I am a hardened skeptic, okay? But the fact that there is a drug company behind the research of one of the doctors (Karsenty) makes me lean ever-so-slightly in the direction of Dr. Warman.

BUT some scientists (besides Dr. Karsenty) believe SSRIs (anti-depressant medications like Paxil) work by raising gut serotonin levels, and we know (definitely know, not sorta think) that SSRIs cause bone loss. So I don’t know whom to believe. Doesn’t matter because I’m not taking any of those drugs. [Thanks for the link, Betsy!]

Proton pump inhibitors increase fracture risk

So says an article in The New York Times. We have talked about this on Bone Architect before, but I guess additional studies are ongoing, and each one adds to the pile of proof that some acid reflux medications are very, very bad for bones. The article states that the increased fracture risk does not apply to older acid-reflux medications called histamine-2 receptor antagonists.

Just how much does PPI (Proton Pump Inhibitor) use increase fracture risk? Twenty-nine whopping percent. Meaning you’re almost a third more likely to fracture if you’re using PPIs. People on long-term PPI use had a 30% higher chance of fracturing, and people on higher doses were — take a deep breath – 53% more likely to fracture. Holy broken femur, Batman!

It is believed that PPIs interfere with the intestine’s ability to absorb calcium.

By the way, there were some studies back in 2005 that showed acupuncture was effective at reducing acid reflux by 40%. Insurance often covers acupuncture. Perhaps give it a shot?
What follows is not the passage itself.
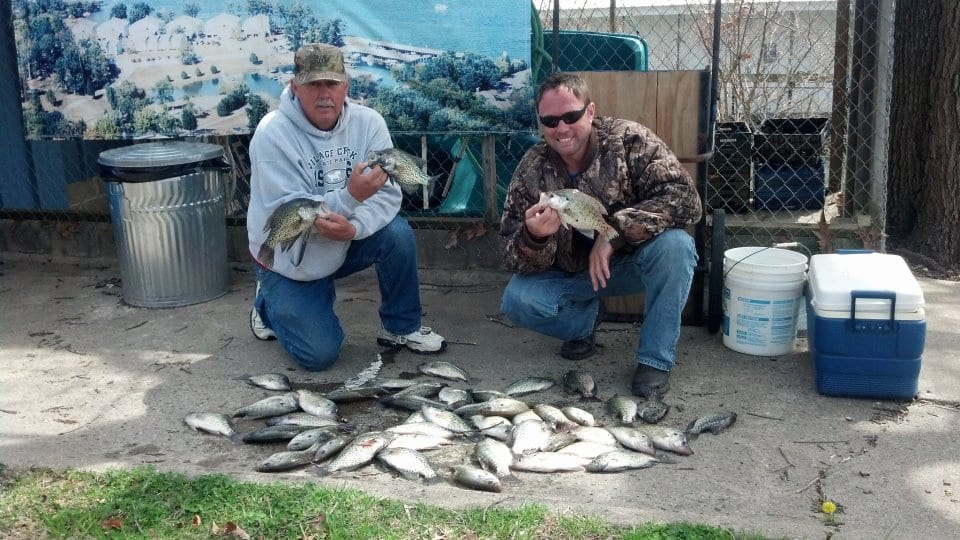 Two fishers holding their catch.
Coffee drinking; it’s genetic.

According to this study. See? I can’t help it! I was born this way!

Get the lead out!

Our dear Pam sent me a link today to an article reporting on the association between lead exposure and osteoporosis. They’re connected.

Evidently to your body, lead and calcium look a lot a like. So your body absorbs the lead and the lead in turn kicks out the calcium. 95 percent of the lead we have in our bodies is stored in our bones. And once it’s in there, it takes as long as 25 years to get it out. The article says doctors were slow to figure out that lead was a danger to bone health because pre-DEXAs, physicians used to measure bone health with x-rays. And because lead is denser and x-rays don’t pass through lead as easily, the lead-laden-osteoporotic bones did a bang-up job of looking like perfectly healthy bones when they were x-rayed.

But besides lead doing a “body snatchers” number on your calcium, there’s more:

…[T]he team’s most significant discovery has to do with a gene known as sclerostin and its ability to permit lead to cause bone loss.

Sclerostin is a potent inhibitor of bone formation: it keeps bone growth in check. But when lead interferes with this inhibitor, Puza says, something dramatic occurs.

“Lead exposure in the laboratory, in animals, and in humans drives sclerostin levels sky high,” he says. “If lead stimulates sclerostin and sclerostin is an inhibitor of bone formation, that’s probably preventing the normal bone from being formed. And that’s why over time you end up with not enough bone formation and a low bone mass.”

A drug that blocks sclerostin is being studied, Puzas says, which might help treat lead-related osteoporosis, but more research is needed.

Ugh. I think I mentioned our apartment building was sold to a new manager-developer. He’s got some crew in there ripping apart every vacant unit, and combining units, etc. But he’s doing everything on the cheap, so his crew isn’t exactly in the NYC Health & Safety Construction Crew of the Year book. There is dust flying everywhere. We’re pretty sure it’s loaded with asbestos because of the age of the building. So up until now I’ve been worried about lung cancer. Guess I’d better add osteoporosis via lead poisoning to the list as well. Should I start undergoing chelation? Or just eat a lot of broccoli?

By the way, the darker (or whiter) lines on the x-ray above are where the lead settled into the bones. Scary, huh?